Home Mortgage Advice for Owners Looking to Refinance

Individuals looking for home mortgage advice often inquire about refinancing. Mortgage refinancing involves replacing one’s current mortgage with another, more affordable home loan. People often choose to refinance their mortgage when interest rates dip and they can get a more affordable rate, or to simply lengthen their loan term to make monthly payments more affordable. Read below to learn helpful home mortgage and refinancing advice.

Why are You Refinancing?

Refinancing can be a confusing process if you’re unsure of your ultimate goal. The first step in refinancing is to determine your purpose. Here are three common reasons people refinance their home loan.

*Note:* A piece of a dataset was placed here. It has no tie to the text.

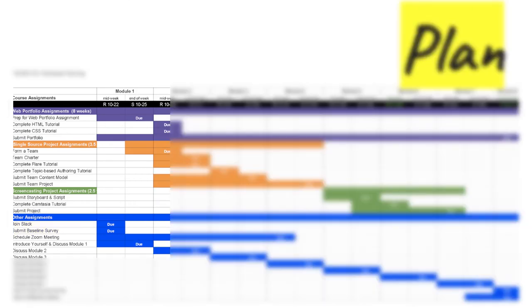Now look at the end of week column for module one. There are additional deadlines at the end of the week. The web portfolio prep assignment, then submitting your discussion post.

  • To Have a Lower Payment: reduce your monthly mortgage payment by locking in a lower interest rate or lengthening the loan term.
  • To Convert an ARM to a FRM: with a rising Adjustable Rate Mortgage, you may be able to lock in a lower rate by refinancing to a Fixed Rate Mortgage.
  • To Reduce Overall Debt: Homeowner’s in need of additional cash can opt for a Cash-Out Refinance. The borrower can use the additional cash to pay other, higher-interest debt (e.g. credit card debt).

Select a Reputable Lender

Once you have determined your purpose for refinancing, it’s time to choose a reputable, financially-stable lender offering top-quality home mortgage advice. You may, of course, choose to refinance your mortgage with your current lender; however, it is always a good idea to shop around, compare rates and terms, and request comparative quotes. In doing so, you’ll give yourself room to negotiate a lower, better rate.

Be sure to compare all aspects of refinancing, including points, fees, and all closing costs. This is the only way to get a true picture of your new loan. If a lender offers a rate quote, ask if it is guaranteed. Otherwise, you could find out a month later, when you’re completing your application, that they increased the rate.

Run Your Credit Report

Lenders place tremendous weight on an applicant’s credit. The lower your credit score, the higher your loan's interest rate. Run your credit report to determine if there has been a major change in your score since you applied for your original mortgage. If you see any errors in your report, such as incorrect personal or financial information, request that the credit bureau correct it immediately. Correcting any errors in your report will automatically increase your score, and hopefully lead to a better interest rate on your mortgage.

Understand the Ins and Outs of Closing Costs

When you refinance your mortgage, you must repay closing costs. Carefully review all closing costs and fees with your lender. Before refinancing, be sure to ask the holder of your current mortgage if the mortgage has a prepayment penalty. If it does, you will be charged a fee for refinancing. Applicable fees and upfront costs could wipe out the savings you’d see through refinancing, particularly if your mortgage has high closing costs or a prepayment penalty.